A famigerada PEC 65/2012 que tem texto, justificativas e parecer na Comissão de Constituição, Justiça e Cidadania (CCJC), este último do senador licenciado e hoje ministro da Agricultura Blairo Maggi, que beiram o patético, mas que tem lógicas subliminares óbvias (todos os documentos estão disponíveis neste link). Pela proposta, insere-se o parágrafo sétimo no artigo 225 (o que trata do ambiente), que propõe que uma obra não poderá ser interrompida ou cancelada depois da entrega do Estudo de Impacto Ambiental. Isso mesmo, somente a entrega, sequer a análise. Seria o fim do licenciamento?

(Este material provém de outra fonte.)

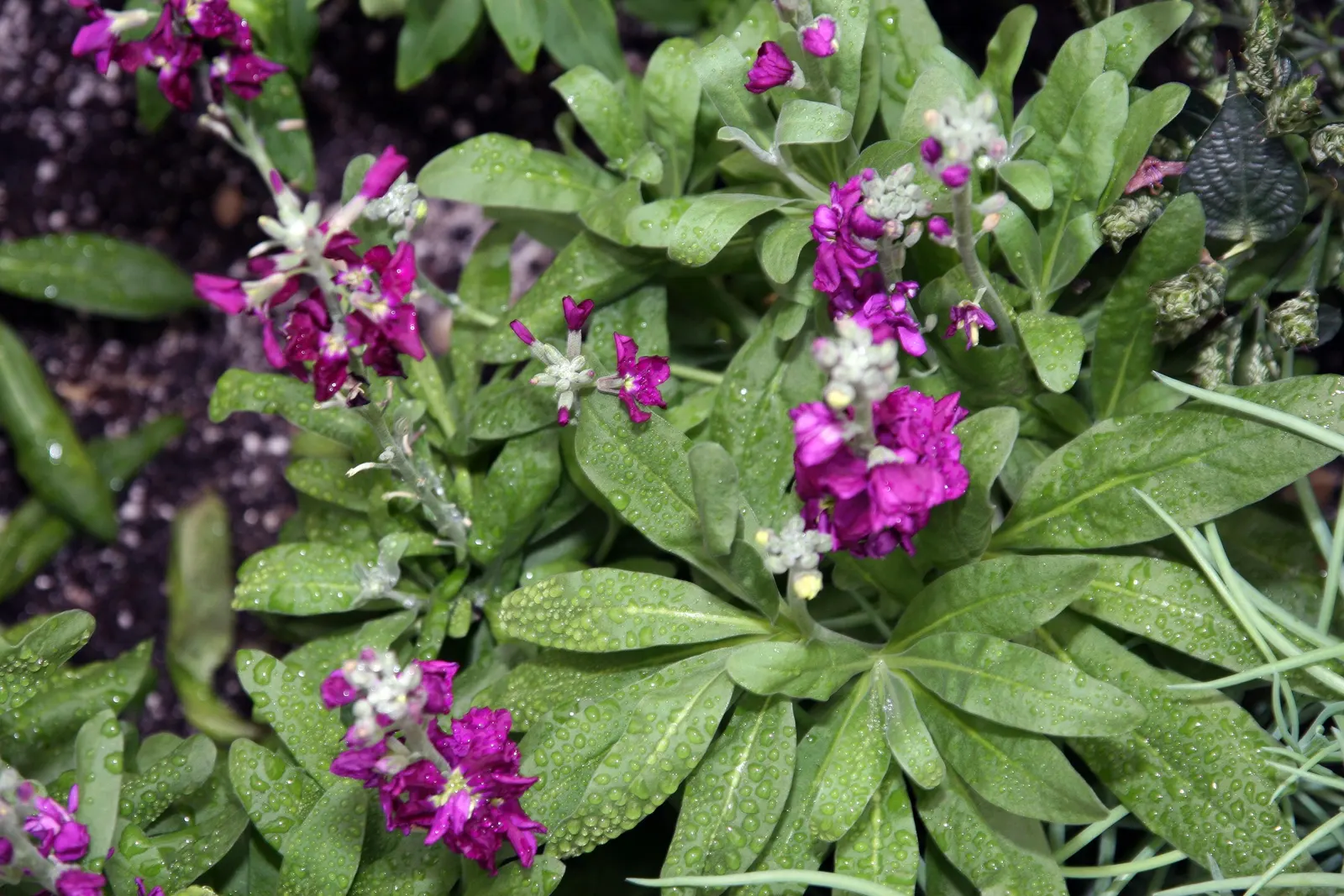 Garden Stock (Matthiola Incana) — which grow in a grayish-green hue; can be up to 4 inches long, image 83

Mas não foi isso que me deixou mais perplexo – eu sei, já seria mais do que suficiente! O que é ultrajante é que propostas de tamanho impacto sejam acompanhadas de justificativas apenas retóricas e de um parecer que apenas às repete, quando avalia o mérito. Nada além disso! Nenhuma qualificação técnica que demonstre ser a proposta uma necessidade; apenas senso comum. Senso comum de usurpadores do patrimônio ambiental brasileiro, de todos os brasileiros. Em resumo, nas palavras dos proponentes e do relator, o frequente questionamento judicial das obras, e consequente interrupção das mesmas, compromete a credibilidade dos membros do executivo (e, portanto, a possibilidade de novas eleições) e a própria democracia. Além disso, mais uma vez, colocam na conta das questões ambientais litígios que, via de regra, são motivados por questões administrativas e econômicas. Nas entrelinhas há certamente o voraz interesse na celeridade das grandes obras (rodovias, hidrelétricas e outras infraestruturas) que abrem as fronteiras para a expansão da ocupação, regular e irregular, de novas terras.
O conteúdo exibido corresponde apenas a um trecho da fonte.